* ASSIGNMENT
Output all of the data exactly, keeping any images out of the copy.

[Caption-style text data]
+++++
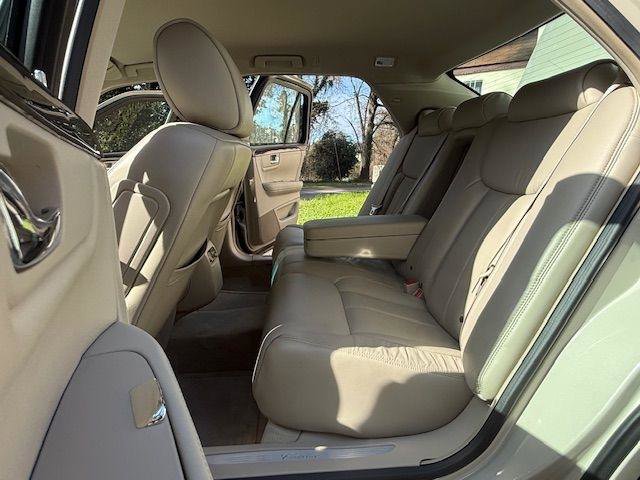 Used 2011 Cadillac DTS FWD image 27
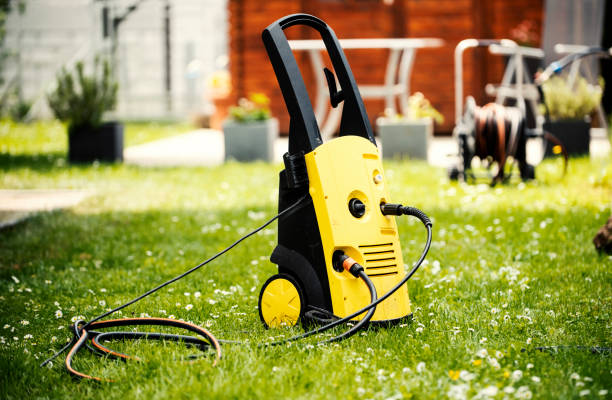 Best Pool Deck Cleaning in Hudson, WI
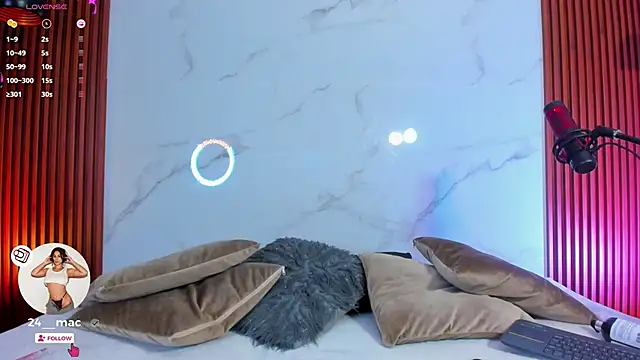 amelie leigh online show from December 2024 04:44:02 AM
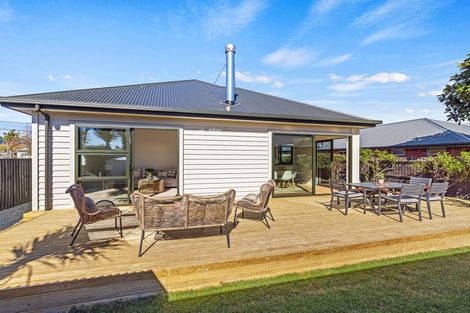 Photo of property in 37 Sullivan Avenue, Woolston, Christchurch, 8023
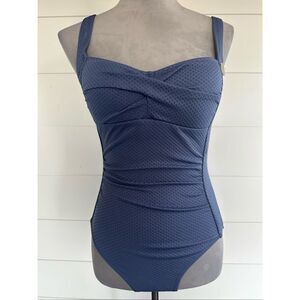NipTuck Textured Navy One-Piece Swimsuit with Sweetheart Neckline Sz 4 NWT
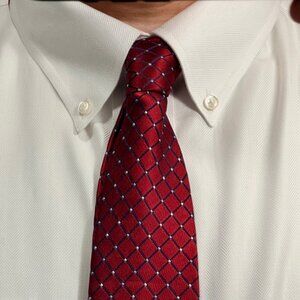 NAUTICA Tie / Necktie * Silk * Burgundy/Red with Navy and White Geometric Patter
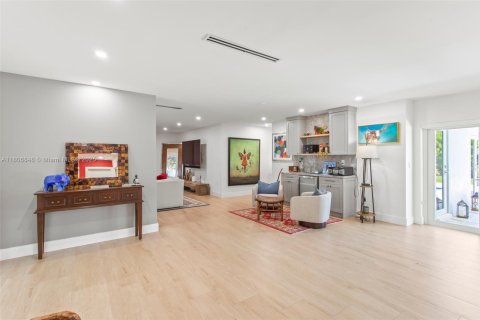 Casa en venta en Palmetto Bay, Florida, 4 dormitorios, 215.9 m2 № 1756660 - foto 13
+++++
* SOLUTION TO THIS EXERCISE
 Used 2011 Cadillac DTS FWD image 27
 Best Pool Deck Cleaning in Hudson, WI
 amelie leigh online show from December 2024 04:44:02 AM
 Photo of property in 37 Sullivan Avenue, Woolston, Christchurch, 8023
NipTuck Textured Navy One-Piece Swimsuit with Sweetheart Neckline Sz 4 NWT
 NAUTICA Tie / Necktie * Silk * Burgundy/Red with Navy and White Geometric Patter
 Casa en venta en Palmetto Bay, Florida, 4 dormitorios, 215.9 m2 № 1756660 - foto 13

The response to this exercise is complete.